Bardzo lubię pana redaktora Domagalskiego za dziennikarski pazur i zaangażowanie z jakim pisze o sądownictwie. Ale dostrzegam w jego ostatnim komentarzu „KRS powinna apele zacząć od sędziów" pewien błąd, który czasami popełniamy także my sędziowie czyli mierzymy innych swoją miarą i uważamy, że wszyscy mówią takim samym językiem, działają w taki sam sposób i podobnie realizują swoje powołanie.

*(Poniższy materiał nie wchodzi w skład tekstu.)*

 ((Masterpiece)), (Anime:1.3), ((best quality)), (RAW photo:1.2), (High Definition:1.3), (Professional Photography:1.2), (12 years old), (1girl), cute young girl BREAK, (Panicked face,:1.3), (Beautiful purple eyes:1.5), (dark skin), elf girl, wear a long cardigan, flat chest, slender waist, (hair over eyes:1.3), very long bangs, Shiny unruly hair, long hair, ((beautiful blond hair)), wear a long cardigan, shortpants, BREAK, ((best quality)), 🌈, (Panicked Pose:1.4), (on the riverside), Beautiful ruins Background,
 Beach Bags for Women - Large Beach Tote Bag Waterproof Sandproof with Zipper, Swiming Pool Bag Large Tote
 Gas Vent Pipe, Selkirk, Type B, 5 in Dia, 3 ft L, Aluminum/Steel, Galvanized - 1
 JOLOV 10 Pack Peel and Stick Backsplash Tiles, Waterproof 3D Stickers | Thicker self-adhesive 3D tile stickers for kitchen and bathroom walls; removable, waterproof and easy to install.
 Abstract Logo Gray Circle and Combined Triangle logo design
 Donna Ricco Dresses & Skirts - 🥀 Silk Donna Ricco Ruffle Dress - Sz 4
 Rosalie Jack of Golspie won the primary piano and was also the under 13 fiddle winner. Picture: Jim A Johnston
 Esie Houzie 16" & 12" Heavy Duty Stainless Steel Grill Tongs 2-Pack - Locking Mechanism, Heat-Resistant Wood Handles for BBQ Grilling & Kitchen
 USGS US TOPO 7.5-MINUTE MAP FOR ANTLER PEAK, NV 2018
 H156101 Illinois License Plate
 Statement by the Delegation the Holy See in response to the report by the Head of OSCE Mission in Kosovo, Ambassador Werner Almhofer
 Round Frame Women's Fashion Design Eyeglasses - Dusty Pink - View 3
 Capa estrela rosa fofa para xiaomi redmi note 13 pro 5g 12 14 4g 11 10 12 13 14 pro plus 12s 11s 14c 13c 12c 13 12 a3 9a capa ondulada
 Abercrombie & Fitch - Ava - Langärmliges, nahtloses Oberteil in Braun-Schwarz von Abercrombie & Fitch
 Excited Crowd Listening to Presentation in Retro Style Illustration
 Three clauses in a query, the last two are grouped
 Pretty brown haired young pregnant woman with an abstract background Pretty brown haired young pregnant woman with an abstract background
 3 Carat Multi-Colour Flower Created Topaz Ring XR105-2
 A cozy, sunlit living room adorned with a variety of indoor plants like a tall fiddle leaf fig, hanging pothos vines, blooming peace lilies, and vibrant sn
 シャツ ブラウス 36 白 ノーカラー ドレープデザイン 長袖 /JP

Redaktor Domagalski jest szanowanym dziennikarzem gazety, która uchodzi za specjalistyczną i fachową i jest czytana przez profesjonalistów z różnych dziedzin życia społecznego i gospodarczego. I o ile on sam rozumie sens swojej pracy i etykę swojego zawodu, to oprócz niego jest jeszcze, na szczęście wąska, grupa dziennikarzy, którzy pracują w innych gazetach i mediach, którym trudno zarzucić złą wolę, a bardziej nieznajomość procedur. Dostrzegamy, że czasami brakuje dziennikarzom merytorycznej pewności siebie, która pozwala przygwoździć rozmówców pytaniem o konkretny przykład. To pozwoliłoby obnażyć nieprawdę, którą przestawiają. Wiemy przecież, że kłamstwo powtarzane wiele razy w odbiegu społecznym staje się prawdą. Właśnie do tych mediów skierowany był wczorajszy Apel Rzecznika Prasowego KRS. To jest reakcja na wypowiedzi polityków, którzy całkowicie bezrefleksyjnie zarzucają sądom stronniczość na długo przed rozpoznaniem przez nie jakiegokolwiek protestu wyborczego. Kompetentni i obiektywni dziennikarze mogą pokazać bezpodstawność takich zarzutów. Dla demokracji bardzo ważne jest szerokie komentowanie procesów sądowych związanych z protestami wyborczymi. I o to chodziło rzecznikowi prasowemu KRS w Apelu. Redaktor Domagalski podkreśla, że dziennikarze są bardzo szybko oceniani i karani za swoje wypowiedzi, ale uszczypliwie mogę powiedzieć, że znam przypadki, kiedy Rada Etyki Mediów załamuje ręce nad działaniami nielicznych dziennikarzy, których potknięcia zostają czasami bezkarne. Cieszę się jednak, że Apel został dostrzeżony, a to oznacza, że jego cel może zostać osiągnięty.